INSTRUCTIONS TO FOLLOW: Having located the line with "Open the swab", repeat it and all remaining lines of the records exactly. Pictures do not belong in the answer.

++++ INFORMATION SUPPLIED ++++

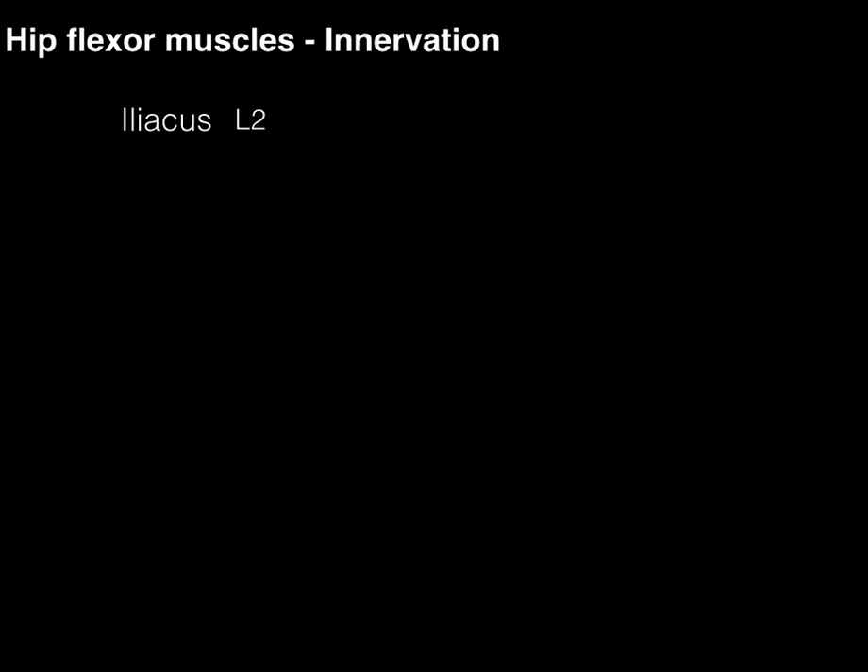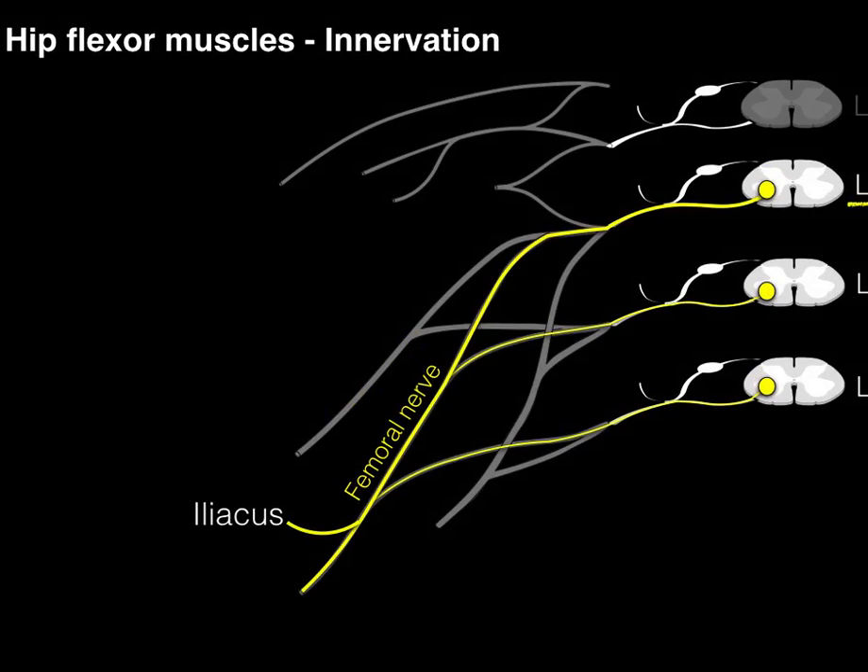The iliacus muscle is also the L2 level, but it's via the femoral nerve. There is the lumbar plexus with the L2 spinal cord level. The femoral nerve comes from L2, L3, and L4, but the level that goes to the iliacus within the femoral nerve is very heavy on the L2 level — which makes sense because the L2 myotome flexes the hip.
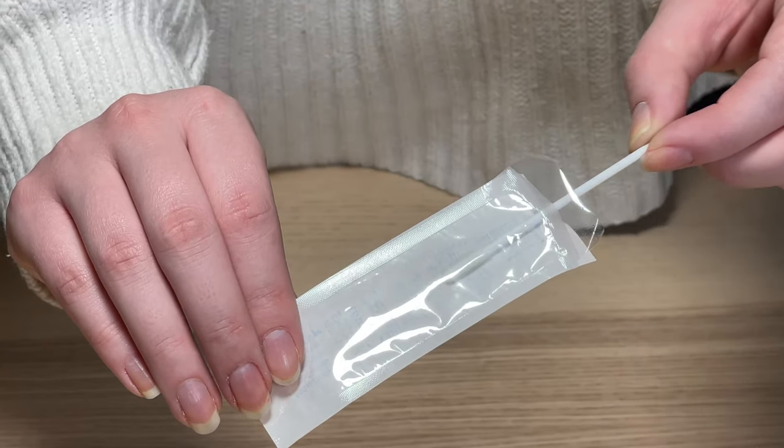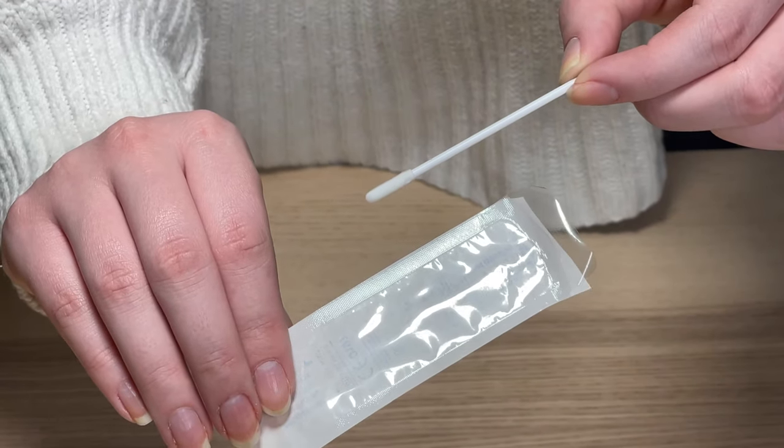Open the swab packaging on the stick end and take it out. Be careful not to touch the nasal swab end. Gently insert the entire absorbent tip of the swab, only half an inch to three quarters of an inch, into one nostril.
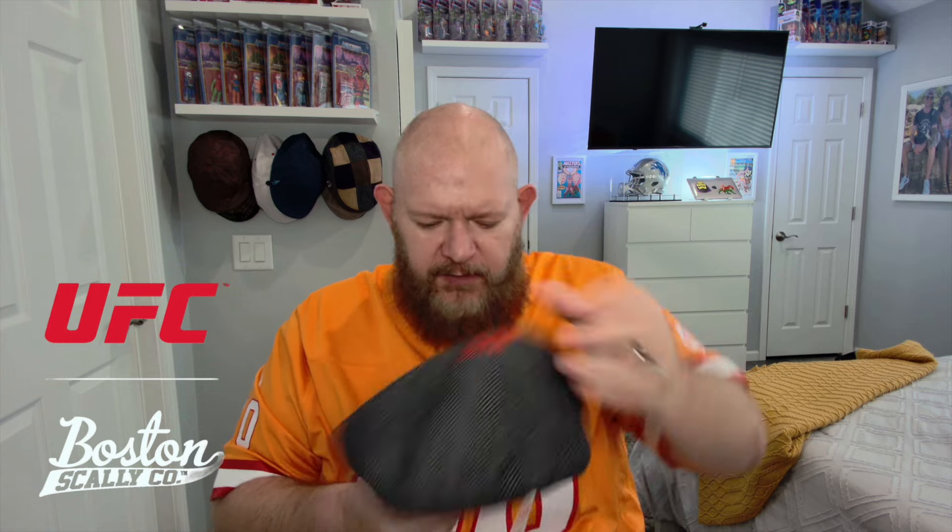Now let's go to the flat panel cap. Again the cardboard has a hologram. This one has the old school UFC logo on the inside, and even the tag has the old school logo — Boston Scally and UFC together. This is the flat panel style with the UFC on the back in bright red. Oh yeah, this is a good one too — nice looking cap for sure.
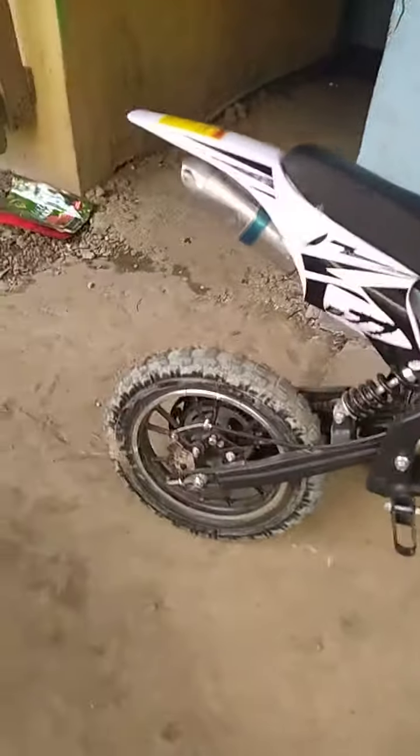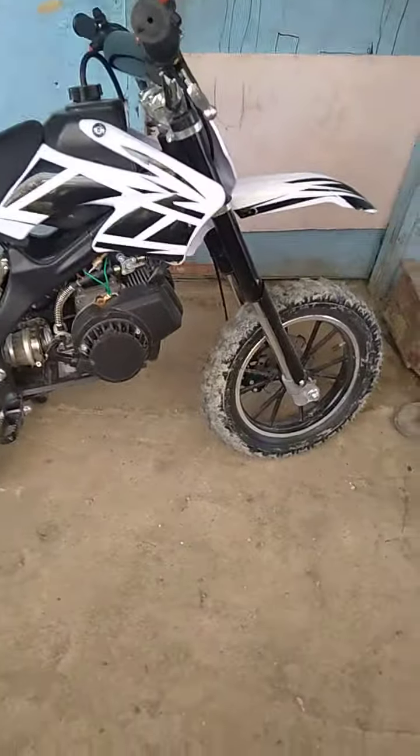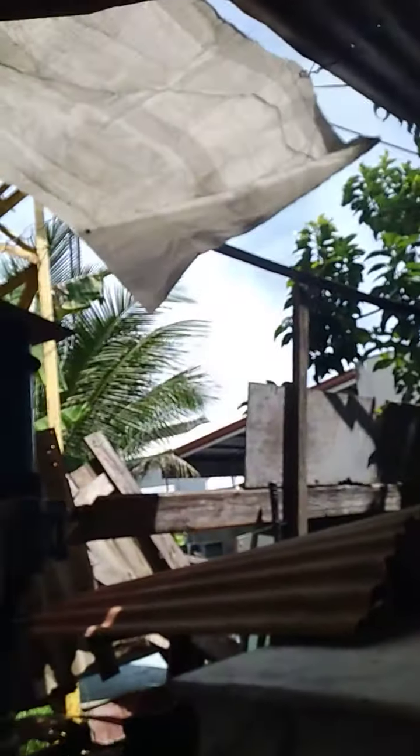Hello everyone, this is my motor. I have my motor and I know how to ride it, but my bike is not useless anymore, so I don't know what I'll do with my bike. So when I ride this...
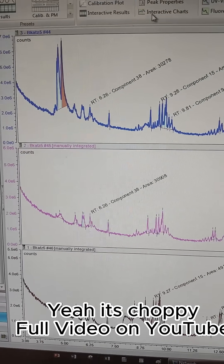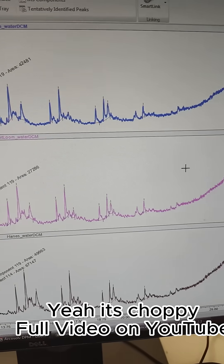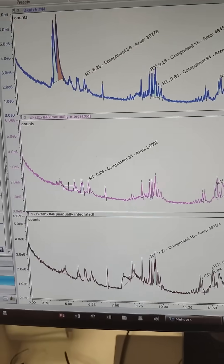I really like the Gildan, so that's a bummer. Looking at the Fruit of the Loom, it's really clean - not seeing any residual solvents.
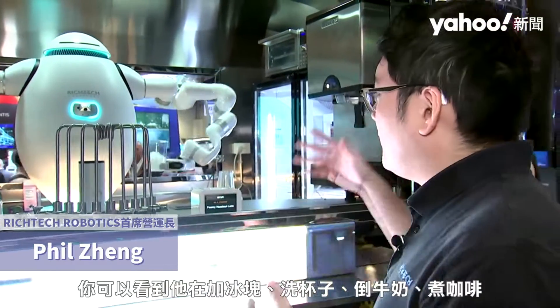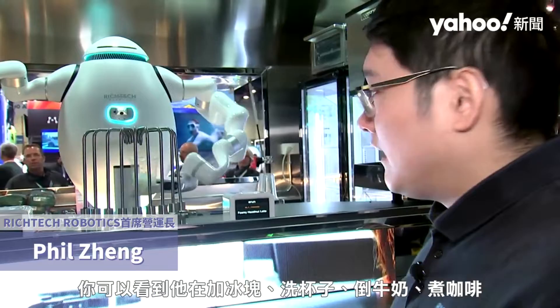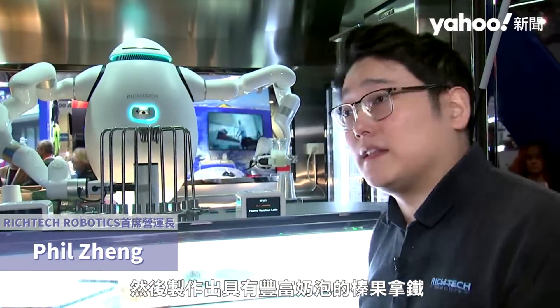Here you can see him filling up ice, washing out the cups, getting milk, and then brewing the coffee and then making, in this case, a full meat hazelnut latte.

++++

WORKED SOLUTION:
Open the swab packaging on the stick end and take it out. Be careful not to touch the nasal swab end. Gently insert the entire absorbent tip of the swab, only half an inch to three quarters of an inch, into one nostril.
Now let's go to the flat panel cap. Again the cardboard has a hologram. This one has the old school UFC logo on the inside, and even the tag has the old school logo — Boston Scally and UFC together. This is the flat panel style with the UFC on the back in bright red. Oh yeah, this is a good one too — nice looking cap for sure.
Hello everyone, this is my motor. I have my motor and I know how to ride it, but my bike is not useless anymore, so I don't know what I'll do with my bike. So when I ride this...
I really like the Gildan, so that's a bummer. Looking at the Fruit of the Loom, it's really clean - not seeing any residual solvents.
Here you can see him filling up ice, washing out the cups, getting milk, and then brewing the coffee and then making, in this case, a full meat hazelnut latte.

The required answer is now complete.